Smoothed classifiers

Randomized smoothing is implemented in the Smooth class in core.py.

  • To instantiate a smoothed clasifier g, use the constructor:

def __init__(self, base_classifier: torch.nn.Module, num_classes: int, sigma: float):

where base_classifier is a PyTorch module that implements f, num_classes is the number of classes in the output space, and sigma is the noise hyperparameter σ

  • To make a prediction at an input x, call:

def predict(self, x: torch.tensor, n: int, alpha: float, batch_size: int) -> int:

where n is the number of Monte Carlo samples and alpha is the confidence level. This function will either (1) return -1 to abstain or (2) return a class which equals g(x) with probability at least 1 - alpha.

  • To compute a radius in which g is robust around an input x, call:

def certify(self, x: torch.tensor, n0: int, n: int, alpha: float, batch_size: int) -> (int, float):

where n0 is the number of Monte Carlo samples to use for selection (see the paper), n is the number of Monte Carlo samples to use for estimation, and alpha is the confidence level. This function will either return the pair (-1, 0.0) to abstain, or return a pair (prediction, radius). The probability that certify() will return a class not equal to g(x) is no greater than alpha. Another way to say this is that with probability at least 1 - alpha, certify() will either abstain or return g(x).

Scripts

  • The program train.py trains a base classifier with Gaussian data augmentation:

python code/train.py imagenet resnet50 model_output_dir --batch 400 --noise 0.50

will train a ResNet-50 on ImageNet under Gaussian data augmentation with σ=0.50.

  • The program predict.py makes predictions using g on a bunch of inputs. For example,

python code/predict.py imagenet model_output_dir/checkpoint.pth.tar 0.50 prediction_outupt --alpha 0.001 --N 1000 --skip 100 --batch 400

will load the base classifier saved at model_output_dir/checkpoint.pth.tar, smooth it using noise level σ=0.50, and classify every 100-th image from the ImageNet test set with parameters N=1000 and alpha=0.001.

  • The program certify.py certifies the robustness of g on bunch of inputs. For example,

python code/certify.py imagenet model_output_dir/checkpoint.pth.tar 0.50 certification_output --alpha 0.001 --N0 100 --N 100000 --skip 100 --batch 400

will load the base classifier saved at model_output_dir/checkpoint.pth.tar, smooth it using noise level σ=0.50, and certify every 100-th image from the ImageNet test set with parameters N0=100, N=100000 and alpha=0.001.
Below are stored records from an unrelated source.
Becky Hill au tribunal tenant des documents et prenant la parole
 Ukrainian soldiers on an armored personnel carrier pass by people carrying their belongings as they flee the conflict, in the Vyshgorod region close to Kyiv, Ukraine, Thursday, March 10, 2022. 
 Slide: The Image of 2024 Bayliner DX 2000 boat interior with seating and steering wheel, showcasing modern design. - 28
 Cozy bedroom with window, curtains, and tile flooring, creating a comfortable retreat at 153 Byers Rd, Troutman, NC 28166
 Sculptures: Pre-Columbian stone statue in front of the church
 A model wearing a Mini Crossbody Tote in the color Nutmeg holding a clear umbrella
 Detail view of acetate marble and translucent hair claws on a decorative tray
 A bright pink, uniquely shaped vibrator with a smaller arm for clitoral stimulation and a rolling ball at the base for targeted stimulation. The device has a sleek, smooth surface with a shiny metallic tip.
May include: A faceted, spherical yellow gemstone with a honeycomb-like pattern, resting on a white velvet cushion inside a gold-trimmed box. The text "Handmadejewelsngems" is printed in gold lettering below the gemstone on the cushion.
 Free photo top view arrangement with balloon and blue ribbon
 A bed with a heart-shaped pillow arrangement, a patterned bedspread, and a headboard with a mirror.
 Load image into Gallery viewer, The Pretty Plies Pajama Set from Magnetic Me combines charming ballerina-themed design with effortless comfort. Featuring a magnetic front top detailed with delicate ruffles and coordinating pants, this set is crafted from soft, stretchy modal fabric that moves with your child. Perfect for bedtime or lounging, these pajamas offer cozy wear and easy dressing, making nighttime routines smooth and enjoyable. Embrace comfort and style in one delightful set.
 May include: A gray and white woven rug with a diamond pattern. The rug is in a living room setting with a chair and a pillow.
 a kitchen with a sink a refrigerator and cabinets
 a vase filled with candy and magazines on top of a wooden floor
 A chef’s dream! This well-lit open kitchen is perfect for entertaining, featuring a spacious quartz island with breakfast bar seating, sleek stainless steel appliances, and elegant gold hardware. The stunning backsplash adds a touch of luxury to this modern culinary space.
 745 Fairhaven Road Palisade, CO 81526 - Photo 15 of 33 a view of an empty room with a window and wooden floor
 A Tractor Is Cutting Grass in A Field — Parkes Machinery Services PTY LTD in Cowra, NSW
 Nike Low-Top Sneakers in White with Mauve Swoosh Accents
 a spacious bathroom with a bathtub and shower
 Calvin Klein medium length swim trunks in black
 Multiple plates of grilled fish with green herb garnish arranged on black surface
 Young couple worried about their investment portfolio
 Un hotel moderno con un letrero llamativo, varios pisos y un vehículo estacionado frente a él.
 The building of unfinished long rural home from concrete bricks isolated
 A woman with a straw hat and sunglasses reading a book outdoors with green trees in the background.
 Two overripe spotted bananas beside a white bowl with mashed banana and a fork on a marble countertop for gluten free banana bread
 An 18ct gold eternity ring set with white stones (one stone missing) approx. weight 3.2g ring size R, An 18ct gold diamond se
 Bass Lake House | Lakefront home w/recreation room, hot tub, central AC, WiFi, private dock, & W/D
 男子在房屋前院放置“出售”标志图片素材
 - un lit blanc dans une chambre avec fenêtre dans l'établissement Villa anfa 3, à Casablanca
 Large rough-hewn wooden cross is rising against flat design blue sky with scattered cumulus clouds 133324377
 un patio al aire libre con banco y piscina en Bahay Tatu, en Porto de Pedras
  • The program visualize.py outputs pictures of noisy examples. For example,

python code/visualize.py imagenet visualize_output 100 0.0 0.25 0.5 1.0

will visualize noisy corruptions of the 100-th image from the ImageNet test set with noise levels σ=0.0, σ=0.25, σ=0.50, and σ=1.00.

  • The program analyze.py generates all of certified accuracy plots and tables that appeared in the paper.

Finally, we note that this file describes exactly how to reproduce our experiments from the paper.

We're not officially releasing code for the experiments where we compared randomized smoothing against the baselines, since that code involved a number of hacks, but feel free to get in touch if you'd like to see that code.

Getting started

  1. Clone this repository: git clone git@github.com:locuslab/smoothing.git

  2. Install the dependencies:

conda create -n smoothing
conda activate smoothing
# below is for linux, with CUDA 10; see https://pytorch.org/ for the correct command for your system
conda install pytorch torchvision cudatoolkit=10.0 -c pytorch 
conda install scipy pandas statsmodels matplotlib seaborn
pip install setGPU
  1. Download our trained models from here.

  2. If you want to run ImageNet experiments, obtain a copy of ImageNet and preprocess the val directory to look like the train directory by running this script. Finally, set the environment variable IMAGENET_DIR to the directory where ImageNet is located.

  3. To get the hang of things, try running this command, which will certify the robustness of one of our pretrained CIFAR-10 models on the CIFAR test set.

model="models/cifar10/resnet110/noise_0.25/checkpoint.pth.tar"
output="???"
python code/certify.py cifar10 $model 0.25 $output --skip 20 --batch 400

where ??? is your desired output file.